#### [Exercise description]
Go through the records below line by line. Count the lines with "Внедорожник" and give the count alone.

%%

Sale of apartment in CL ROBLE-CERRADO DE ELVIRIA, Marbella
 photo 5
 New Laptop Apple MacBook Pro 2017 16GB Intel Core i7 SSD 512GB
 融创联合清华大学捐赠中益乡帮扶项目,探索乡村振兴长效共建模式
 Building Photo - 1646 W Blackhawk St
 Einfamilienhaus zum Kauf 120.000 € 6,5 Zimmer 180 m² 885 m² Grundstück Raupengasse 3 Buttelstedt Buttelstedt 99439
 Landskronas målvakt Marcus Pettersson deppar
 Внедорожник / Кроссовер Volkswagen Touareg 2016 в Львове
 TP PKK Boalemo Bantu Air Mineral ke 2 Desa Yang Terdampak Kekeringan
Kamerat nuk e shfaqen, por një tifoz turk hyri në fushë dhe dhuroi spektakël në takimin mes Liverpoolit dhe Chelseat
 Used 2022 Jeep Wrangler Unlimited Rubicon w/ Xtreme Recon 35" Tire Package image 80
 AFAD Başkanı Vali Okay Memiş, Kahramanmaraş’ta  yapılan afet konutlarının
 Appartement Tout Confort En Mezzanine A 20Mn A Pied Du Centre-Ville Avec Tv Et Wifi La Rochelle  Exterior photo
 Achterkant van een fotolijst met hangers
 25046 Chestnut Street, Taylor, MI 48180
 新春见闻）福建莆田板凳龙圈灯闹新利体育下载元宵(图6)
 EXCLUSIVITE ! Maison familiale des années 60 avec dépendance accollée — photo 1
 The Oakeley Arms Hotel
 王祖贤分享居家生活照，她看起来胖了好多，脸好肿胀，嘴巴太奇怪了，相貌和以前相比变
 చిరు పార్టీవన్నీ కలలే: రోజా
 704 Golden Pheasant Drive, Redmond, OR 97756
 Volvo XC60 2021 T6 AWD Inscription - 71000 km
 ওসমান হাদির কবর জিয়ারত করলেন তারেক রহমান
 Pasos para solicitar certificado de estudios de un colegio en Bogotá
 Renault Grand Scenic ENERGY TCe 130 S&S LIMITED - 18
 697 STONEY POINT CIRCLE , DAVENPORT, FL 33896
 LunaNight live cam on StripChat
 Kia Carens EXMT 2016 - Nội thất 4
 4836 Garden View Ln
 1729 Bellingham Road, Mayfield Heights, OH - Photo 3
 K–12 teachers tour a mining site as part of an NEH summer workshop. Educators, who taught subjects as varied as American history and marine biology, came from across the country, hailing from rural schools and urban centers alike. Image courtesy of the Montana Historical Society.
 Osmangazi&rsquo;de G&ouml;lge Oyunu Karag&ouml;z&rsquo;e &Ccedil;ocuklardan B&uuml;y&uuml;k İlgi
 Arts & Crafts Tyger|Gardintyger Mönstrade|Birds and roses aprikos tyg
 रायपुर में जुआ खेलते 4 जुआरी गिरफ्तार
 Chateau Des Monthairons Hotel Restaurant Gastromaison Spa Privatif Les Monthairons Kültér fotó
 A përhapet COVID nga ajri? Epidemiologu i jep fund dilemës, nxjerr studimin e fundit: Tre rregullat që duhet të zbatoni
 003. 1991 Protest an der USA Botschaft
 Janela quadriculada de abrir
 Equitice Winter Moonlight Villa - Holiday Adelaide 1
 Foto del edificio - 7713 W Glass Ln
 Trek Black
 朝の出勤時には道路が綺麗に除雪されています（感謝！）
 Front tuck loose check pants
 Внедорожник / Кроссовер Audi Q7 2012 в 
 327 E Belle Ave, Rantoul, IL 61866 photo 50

%%

#### [Solution]
2